6. Pension Plan's Motion for Summary Judgment Directed to the Operative Second Amended Complaint

In its second amended complaint, the operative pleading, First Southern asserted three contract causes of action based on alternative theories of express contract, implied contract andthird party beneficiary of an express contract. In each cause of action First Southern alleged Pension Plan had breached the provision in its lease with Aviation Mortgage that prohibited it from unreasonably withholding its consent to assignment.

Pension Plan moved for summary judgment and, in the alternative, summary adjudication, arguing First Southern could not prevail on its contract claims as a matter of law because it was not a party to the lease agreement between Pension Plan and Aviation Mortgage or a third party beneficiary of that contract and no other express or implied agreement concerning the proposed assignment existed between them.
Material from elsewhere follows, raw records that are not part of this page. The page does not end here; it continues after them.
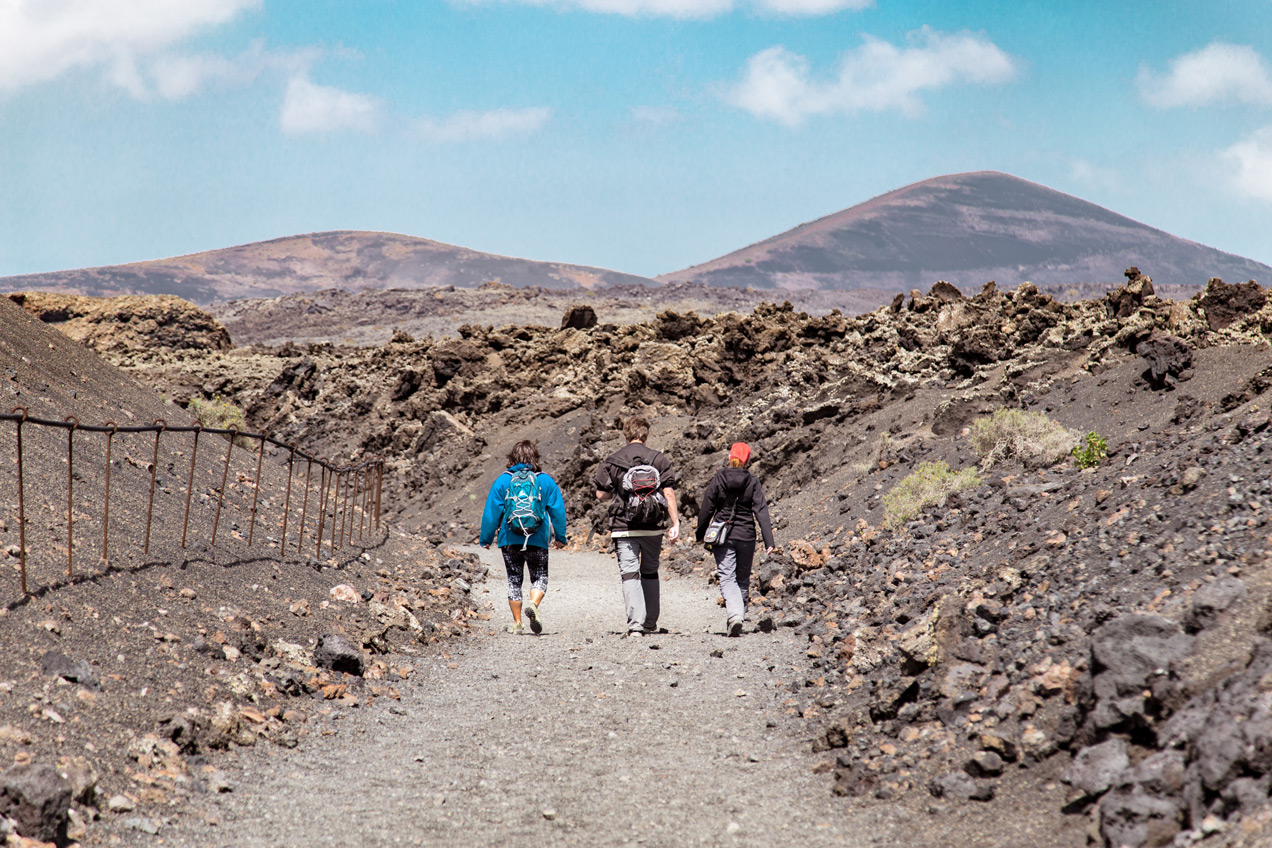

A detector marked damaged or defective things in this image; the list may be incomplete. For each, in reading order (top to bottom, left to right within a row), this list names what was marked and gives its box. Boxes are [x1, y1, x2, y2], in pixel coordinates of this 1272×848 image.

rusty metal railing [2, 406, 386, 596]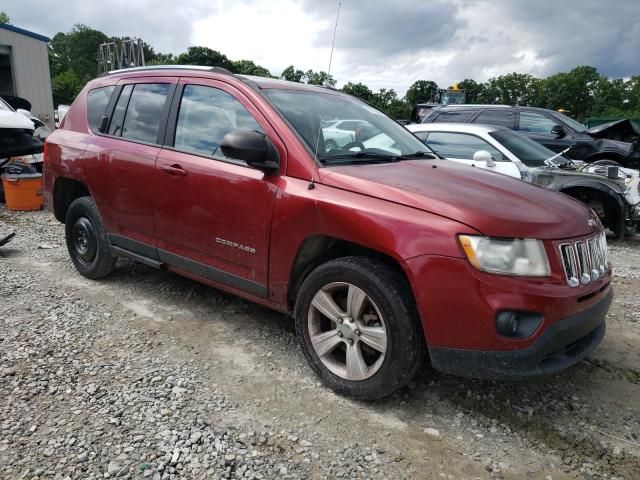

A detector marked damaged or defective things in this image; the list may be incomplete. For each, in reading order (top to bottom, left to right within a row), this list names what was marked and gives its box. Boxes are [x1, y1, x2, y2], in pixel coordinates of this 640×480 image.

car windshield cracked [262, 89, 432, 166]
damaged car [420, 105, 640, 171]
damaged car [410, 123, 640, 237]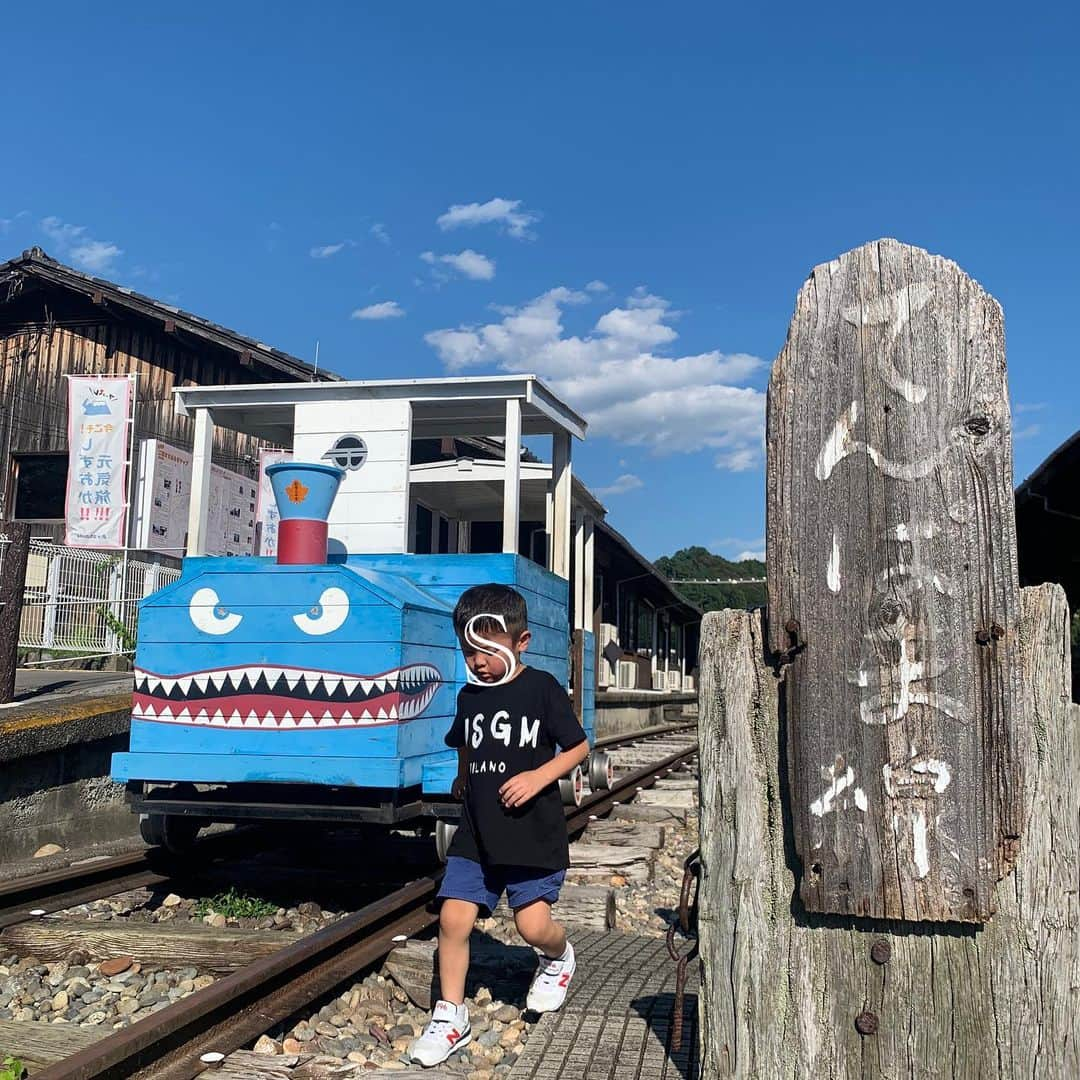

Alternatively, it argued, Pension Plan acted reasonably in response to the proposed assignment and did not breach the lease agreement.

In its opposition to Pension Plan's motion, First Southern argued it was a party to an express or implied contract or a third party beneficiary of an express or implied contract as a matter of law and, at a minimum, triable issues of material fact existed on each of those questions. In addition, citing statements made in Auguste's declaration, First Southern argued triable issues of material fact also existed as to whether Pension Plan unreasonably and in bad faith delayed its decision on the proposed assignment.

The trial court granted Pension Plan's summary judgment motion, concluding as a matter of law that First Southern was not a party to the lease or an implied contract incorporating the lease terms or a third party beneficiary of the lease and, therefore, could not prevail on any of its contract claims.

DISCUSSION
1. Standard of Review

A motion for summary judgment is properly granted only when "all the papers submitted show that there is no triable issue as to any material fact and that the moving party is entitled to a judgment as a matter of law." (Code Civ. Proc., § 437c, subd. (c).) We review a grant of summary judgment de novo and decide independently whether the facts not subject to...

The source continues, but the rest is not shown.